Bacteria, viruses, fungi, parasites—there are many types of harmful organisms and nearly everyone is affected at some point in their life. Different types of harmful organisms affect the body differently. Here, we’ll look at harmful organisms that affect well-being by targeting and disrupting gut health.
This is a good time to mention that you probably shouldn’t eat while reading this article. Just trust me.
What Are Harmful Organisms?
Harmful organisms are organisms that live off another organism by living on or in them. Essentially, the harmful organism takes up residence in the host organism. In this relationship, harmful organisms steal nutrients and release waste to negatively affect the overall health of the host organism. Harmful organisms are present everywhere, from developing nations to those considered first-world, and have plagued humans since the beginning of time; references even appear in some of our oldest written records.[2, 3]
What Is “The Gut?”
The human digestive tract is a complex system comprised of many parts that, together, function as a single unit. Organs, enzymes, bacteria (commonly referred to as the gut microbiota), and other components collectively make up what we know as “the gut.” In many ways, it is a model ecosystem.
One truth I’ve observed again and again is that gut health is closely tied to overall health. When your gut is vibrant, so are you. When it’s not, neither are you. In fact, when gut function is disrupted, every part of the body is negatively affected. It’s a reality that makes gut-targeting harmful organisms especially devastating.
Which Harmful Organisms Affect the Gut?
The gut is home to many organisms. Most, like probiotics, are absolutely essential to your health, others are detrimental. The two most common organisms that prey on the gut are protozoa and helminth worms.

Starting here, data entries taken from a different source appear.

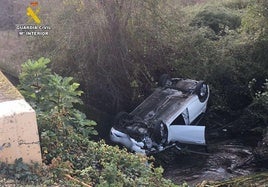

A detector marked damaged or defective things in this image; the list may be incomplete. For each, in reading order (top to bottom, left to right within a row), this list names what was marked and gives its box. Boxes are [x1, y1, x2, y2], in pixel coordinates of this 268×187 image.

overturned white car [109, 74, 209, 155]
dented car panel [110, 76, 210, 155]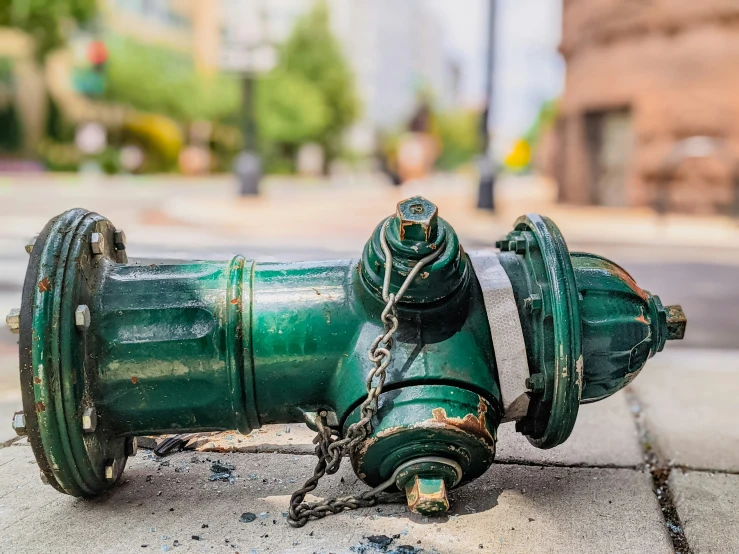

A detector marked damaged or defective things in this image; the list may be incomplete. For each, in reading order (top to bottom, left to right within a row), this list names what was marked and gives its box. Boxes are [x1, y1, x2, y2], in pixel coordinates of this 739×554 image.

rusty bolt [398, 197, 440, 243]
rusty bolt [75, 302, 91, 328]
rusty bolt [664, 304, 688, 338]
rusty bolt [404, 472, 450, 516]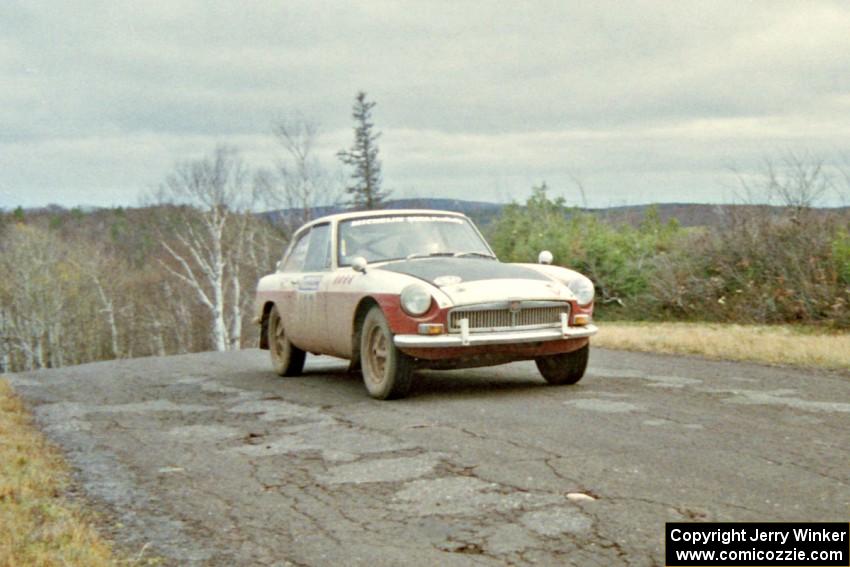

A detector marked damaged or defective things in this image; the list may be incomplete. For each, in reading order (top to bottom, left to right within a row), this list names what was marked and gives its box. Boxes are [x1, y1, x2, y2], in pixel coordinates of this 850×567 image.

cracked asphalt [8, 348, 848, 564]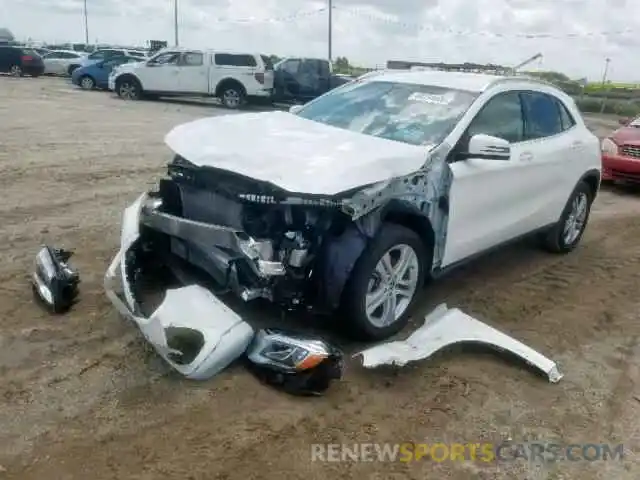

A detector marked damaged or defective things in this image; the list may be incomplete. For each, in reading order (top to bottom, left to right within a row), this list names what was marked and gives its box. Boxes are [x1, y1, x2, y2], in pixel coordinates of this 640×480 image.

broken plastic debris [31, 244, 79, 316]
detached headlight [31, 246, 80, 314]
detached bumper cover [104, 193, 252, 380]
white damaged suv [104, 69, 600, 380]
detached fender [320, 201, 436, 310]
detached headlight [246, 328, 344, 396]
crumpled metal panel [356, 306, 560, 384]
broken plastic debris [358, 304, 564, 382]
detached bumper cover [358, 304, 564, 382]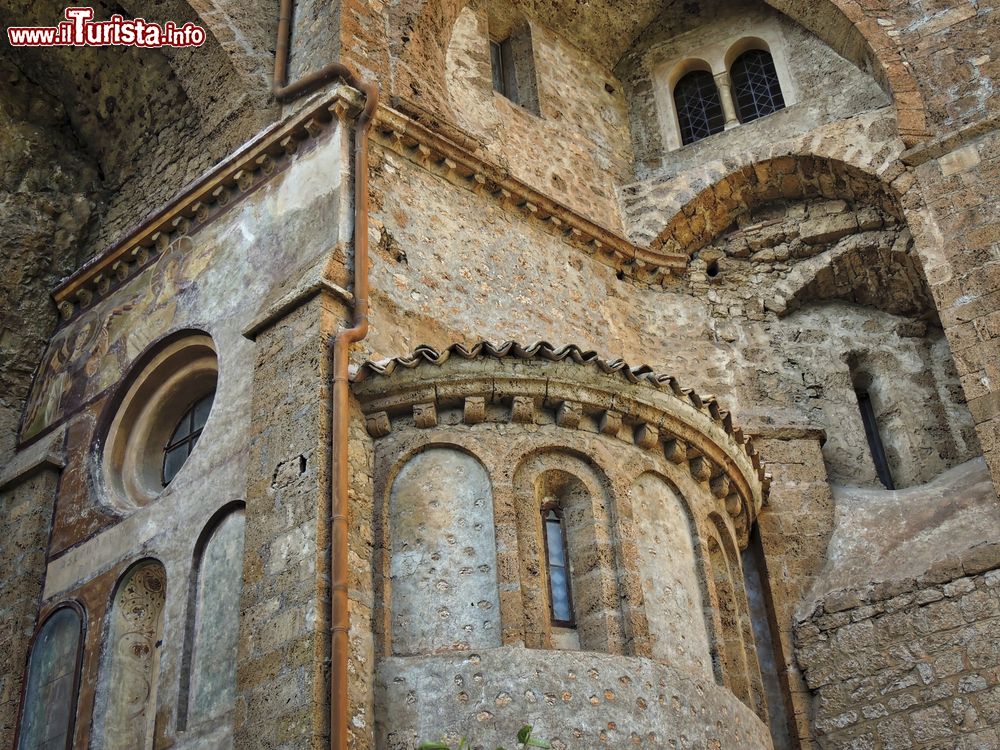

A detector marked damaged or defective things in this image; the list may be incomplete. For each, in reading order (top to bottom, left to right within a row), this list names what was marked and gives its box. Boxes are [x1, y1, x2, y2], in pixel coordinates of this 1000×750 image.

rusty drainpipe [272, 1, 376, 750]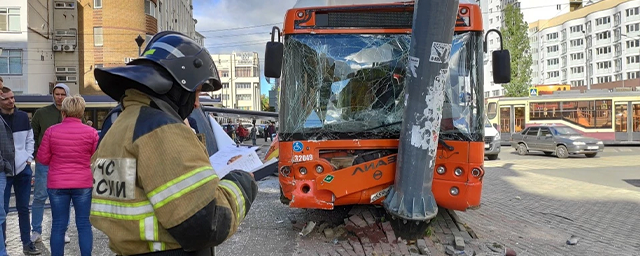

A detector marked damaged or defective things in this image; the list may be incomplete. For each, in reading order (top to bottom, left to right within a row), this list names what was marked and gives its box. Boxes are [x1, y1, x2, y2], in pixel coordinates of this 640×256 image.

shattered windshield [278, 32, 482, 142]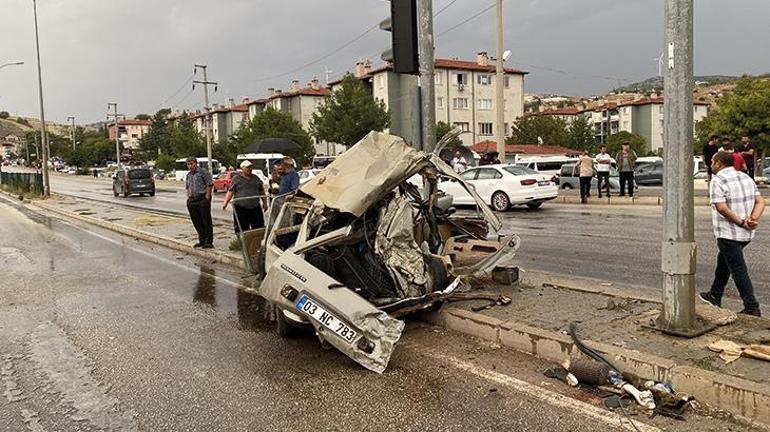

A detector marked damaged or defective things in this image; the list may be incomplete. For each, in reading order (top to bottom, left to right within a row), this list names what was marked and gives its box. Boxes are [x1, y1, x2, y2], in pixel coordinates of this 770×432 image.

Protozoa are microscopic, one-celled organisms and there are about 70 species that can affect humans. Some protozoa can form protective “shells” called cysts that allow them to lay dormant for years before striking. Cysts even enable protozoa to survive externally, which means they can transfer and infect new hosts.
Helminth worms are a bigger threat in terms of both species (nearly 300 types can affect humans) and size (adult helminths range in size from under a millimeter to over a meter in length). That’s not a misprint—over a meter, in your body.
Until recently, it was believed that there are two major varieties of helminth worms—roundworms (nematodes) and flatworms (platyhelminths). Flatworms include tapeworms (cestodes) and flukes (trematodes).[7, 8] Researchers have also discovered an entirely new type of helminth called ropeworms. Ropeworms can grow to a meter long and have a lumpy, rope-like shape. They are often mistaken for feces or mucus and go undetected.